Zivilgesellschaftliche Organisationen und Pädagogik überschneiden sich unter anderem in den Bereichen der Bildungspolitik, -planung und -umsetzung. Als politischer Rahmen zur Beteiligung in Bildungsfragen kann der Begriff der Zivilgesellschaft verschiedene Akteur*innen im Bildungsbereich umfassen, wie z.B. Regierung, Familien, Freiwilligenorganisationen, öffentlich-private Partnerschaften und Kirchen. Dem liegt die Idee zugrunde, dass die Zusammenarbeit zwischen staatlichen Institutionen und privaten Einrichtungen politische Rahmenbedingungen schaffen kann, die der Diversität der Lernenden Rechnung tragen und öffentlichen Bildungsnutzen für alle erzeugen (Meyer & Boyd 2001). In dieser Perspektive werden bürgerschaftliches Engagement und Zusammenarbeit in Bildungsfragen als notwendige Schritte zur Stärkung der lokalen Demokratie und zur Unterstützung des gleichberechtigten Zugangs zu Bildung für un- oder unterprivilegierte Gruppen angesehen. Oft assoziierte Tätigkeiten sind die ehrenamtliche Arbeit in Schulen, Schüler*innen Nachhilfeunterricht geben, Materialien spenden, bei Verwaltungsfragen helfen und Veranstaltungen und außerschulische Programme organisieren (Reimers 1997, Sullivan 2003).
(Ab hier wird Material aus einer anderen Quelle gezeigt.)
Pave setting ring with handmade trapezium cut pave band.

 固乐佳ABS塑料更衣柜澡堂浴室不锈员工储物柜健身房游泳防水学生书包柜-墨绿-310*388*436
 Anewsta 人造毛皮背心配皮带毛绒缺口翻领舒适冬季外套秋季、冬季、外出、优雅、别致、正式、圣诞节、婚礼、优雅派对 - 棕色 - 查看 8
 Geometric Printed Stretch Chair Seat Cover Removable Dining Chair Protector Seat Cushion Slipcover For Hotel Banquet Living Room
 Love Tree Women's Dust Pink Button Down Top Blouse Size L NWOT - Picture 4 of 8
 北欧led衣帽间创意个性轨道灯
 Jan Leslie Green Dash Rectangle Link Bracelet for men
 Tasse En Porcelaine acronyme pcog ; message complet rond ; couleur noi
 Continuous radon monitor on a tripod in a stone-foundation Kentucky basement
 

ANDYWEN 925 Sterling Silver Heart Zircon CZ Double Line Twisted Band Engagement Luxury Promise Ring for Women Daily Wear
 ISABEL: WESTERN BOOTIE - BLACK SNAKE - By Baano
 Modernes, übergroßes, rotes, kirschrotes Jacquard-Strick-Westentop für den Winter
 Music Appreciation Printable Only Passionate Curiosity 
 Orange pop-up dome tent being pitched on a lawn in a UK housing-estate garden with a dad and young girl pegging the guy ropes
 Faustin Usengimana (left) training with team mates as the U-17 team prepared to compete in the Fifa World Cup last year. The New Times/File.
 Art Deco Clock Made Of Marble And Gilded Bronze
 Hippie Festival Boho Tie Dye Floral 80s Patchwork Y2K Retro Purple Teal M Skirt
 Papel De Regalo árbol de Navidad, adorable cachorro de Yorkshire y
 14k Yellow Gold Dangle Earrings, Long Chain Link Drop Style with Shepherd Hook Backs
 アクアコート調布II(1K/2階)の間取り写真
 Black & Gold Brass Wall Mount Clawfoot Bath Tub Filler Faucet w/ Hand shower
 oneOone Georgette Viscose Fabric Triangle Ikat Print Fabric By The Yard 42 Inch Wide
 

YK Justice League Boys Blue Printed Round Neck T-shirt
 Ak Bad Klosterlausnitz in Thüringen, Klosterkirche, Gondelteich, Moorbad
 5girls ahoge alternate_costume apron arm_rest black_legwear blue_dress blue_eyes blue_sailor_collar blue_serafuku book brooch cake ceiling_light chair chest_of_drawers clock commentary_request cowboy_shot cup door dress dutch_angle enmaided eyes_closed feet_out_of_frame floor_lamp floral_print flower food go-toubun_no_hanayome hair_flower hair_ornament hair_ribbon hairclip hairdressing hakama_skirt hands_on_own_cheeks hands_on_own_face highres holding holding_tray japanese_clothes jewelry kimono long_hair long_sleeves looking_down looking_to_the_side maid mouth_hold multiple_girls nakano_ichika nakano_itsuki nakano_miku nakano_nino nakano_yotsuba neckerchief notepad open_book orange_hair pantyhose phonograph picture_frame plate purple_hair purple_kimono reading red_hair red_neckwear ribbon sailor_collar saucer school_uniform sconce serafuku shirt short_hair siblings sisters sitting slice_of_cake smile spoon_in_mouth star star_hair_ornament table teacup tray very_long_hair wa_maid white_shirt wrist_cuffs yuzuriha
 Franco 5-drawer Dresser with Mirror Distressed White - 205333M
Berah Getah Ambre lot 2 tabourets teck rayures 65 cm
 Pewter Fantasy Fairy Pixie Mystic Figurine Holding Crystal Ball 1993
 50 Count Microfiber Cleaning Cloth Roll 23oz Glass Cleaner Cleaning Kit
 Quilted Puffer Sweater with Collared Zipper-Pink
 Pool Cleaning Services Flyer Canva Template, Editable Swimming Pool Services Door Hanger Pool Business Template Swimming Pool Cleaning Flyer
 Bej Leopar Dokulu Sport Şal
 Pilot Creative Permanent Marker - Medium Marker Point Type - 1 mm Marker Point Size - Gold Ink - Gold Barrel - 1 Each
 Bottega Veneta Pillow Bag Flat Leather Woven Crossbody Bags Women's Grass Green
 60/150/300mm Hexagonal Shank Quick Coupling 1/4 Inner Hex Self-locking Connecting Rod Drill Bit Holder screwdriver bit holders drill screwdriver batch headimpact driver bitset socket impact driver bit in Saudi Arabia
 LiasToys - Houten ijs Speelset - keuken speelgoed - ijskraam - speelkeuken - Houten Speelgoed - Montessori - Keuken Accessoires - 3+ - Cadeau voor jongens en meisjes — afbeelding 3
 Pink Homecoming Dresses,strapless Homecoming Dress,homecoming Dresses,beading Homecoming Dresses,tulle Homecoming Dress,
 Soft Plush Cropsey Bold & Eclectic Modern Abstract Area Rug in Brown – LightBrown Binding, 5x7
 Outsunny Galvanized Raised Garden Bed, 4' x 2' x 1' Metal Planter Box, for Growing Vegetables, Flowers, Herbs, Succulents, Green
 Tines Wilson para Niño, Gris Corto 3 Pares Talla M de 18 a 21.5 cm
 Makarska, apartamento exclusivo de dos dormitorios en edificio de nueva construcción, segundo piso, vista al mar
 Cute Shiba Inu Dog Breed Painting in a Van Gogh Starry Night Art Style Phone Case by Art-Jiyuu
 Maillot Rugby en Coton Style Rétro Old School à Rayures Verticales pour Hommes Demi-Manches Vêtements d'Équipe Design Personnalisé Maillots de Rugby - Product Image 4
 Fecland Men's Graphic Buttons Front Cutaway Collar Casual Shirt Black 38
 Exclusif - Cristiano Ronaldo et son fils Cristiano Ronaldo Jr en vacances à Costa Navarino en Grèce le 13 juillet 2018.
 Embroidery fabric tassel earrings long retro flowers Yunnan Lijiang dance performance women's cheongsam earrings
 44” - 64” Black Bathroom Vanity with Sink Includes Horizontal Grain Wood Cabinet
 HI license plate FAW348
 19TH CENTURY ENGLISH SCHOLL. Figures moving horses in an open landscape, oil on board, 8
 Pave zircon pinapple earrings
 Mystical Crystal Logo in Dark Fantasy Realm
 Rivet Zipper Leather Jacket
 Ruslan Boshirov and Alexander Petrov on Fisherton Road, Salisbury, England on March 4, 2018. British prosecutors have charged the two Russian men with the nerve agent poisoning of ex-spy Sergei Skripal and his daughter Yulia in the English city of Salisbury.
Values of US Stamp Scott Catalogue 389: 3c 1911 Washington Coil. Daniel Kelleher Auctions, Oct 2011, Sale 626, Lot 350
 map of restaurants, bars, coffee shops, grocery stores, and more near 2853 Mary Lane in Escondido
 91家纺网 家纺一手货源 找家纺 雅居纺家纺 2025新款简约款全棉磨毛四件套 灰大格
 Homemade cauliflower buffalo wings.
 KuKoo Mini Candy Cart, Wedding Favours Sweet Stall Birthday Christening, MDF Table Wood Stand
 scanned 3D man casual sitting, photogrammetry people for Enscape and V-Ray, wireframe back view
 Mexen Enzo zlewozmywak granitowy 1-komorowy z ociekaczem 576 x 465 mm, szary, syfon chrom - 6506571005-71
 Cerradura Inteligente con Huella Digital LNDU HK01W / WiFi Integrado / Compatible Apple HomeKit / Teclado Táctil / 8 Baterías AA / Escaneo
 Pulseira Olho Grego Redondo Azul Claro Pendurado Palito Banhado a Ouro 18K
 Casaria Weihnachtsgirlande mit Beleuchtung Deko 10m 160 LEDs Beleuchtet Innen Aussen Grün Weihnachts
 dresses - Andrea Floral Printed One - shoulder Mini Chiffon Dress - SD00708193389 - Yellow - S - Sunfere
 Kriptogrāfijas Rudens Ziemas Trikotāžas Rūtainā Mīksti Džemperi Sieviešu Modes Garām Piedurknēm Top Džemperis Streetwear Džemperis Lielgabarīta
Die Bildungsanthropologie betrachtet die Zivilgesellschaft als eine dynamische Dimension der Bürgerschaft und weist auf Formen sozialen Handelns und soziale Bewegungen hin. Die Zivilgesellschaft wird oft als ein Raum verstanden, in dem sich unterprivilegierte Gruppen der staatlichen Hegemonie und diskriminierenden Bildungspolitiken widersetzen können.
Transnationale Organisationen führen lokale Bedeutungen und globale Diskurse der Zivilgesellschaft zusammen und setzen diese in Verhandlungen mit Bürger*innen, Staat, Märkten und verschiedenen anderen Gremien und Institutionen auf lokaler, regionaler, nationaler und internationaler Ebene ein.
Mehtta (2008) untersuchte die Rolle zivilgesellschaftlicher Organisationen bei der Verbesserung des Zugangs und der Qualität der Grundschulbildung, inbesondere für einkommensschwache Gruppen, im indischen Bildungssystem. Ihrer Fous lag auf dem Engagement von zivilgesellschaftlichen Organisationen im Bildungsbereich im Bundesstaat Delhi über einen Zeitraum von 20 Jahren. Sie führte 30 Interviews mit Akademiker*innen, Aktivist*innen, Leiter*innen von NGOs und Regierungsbeamt*innen, die im Bildungsbereich tätig sind. Sie untersuchte drei Fälle bildungspolitischer Reformen: 1) das Programm für universelle Grundschulbildung, das sogenannte "Sarva Shiksha Abhiyan" (SSA), 2) das Schulbuch des "State Council for Education and Research Training" (SCERT), 3) sowie das "Mid-Day Meal Scheme", also die Bereitstellung von Mittagessen in der Schule. Anhand dieser drei Fallbeispiele zeigte Mehtta, dass die Beteiligung zivilgesellschaftlicher Organisationen an politischen Prozessen zur Schaffung realistischerer und effektiverer Bildungsdienste beiträgt. Als legitimierte Planer*innen und Anbieter*innen von Bildung waren die zivilgesellschaftlichen Organisationen in der Lage, den Staat für die Formulierung und Umsetzung der Politik zur Rechenschaft zu ziehen.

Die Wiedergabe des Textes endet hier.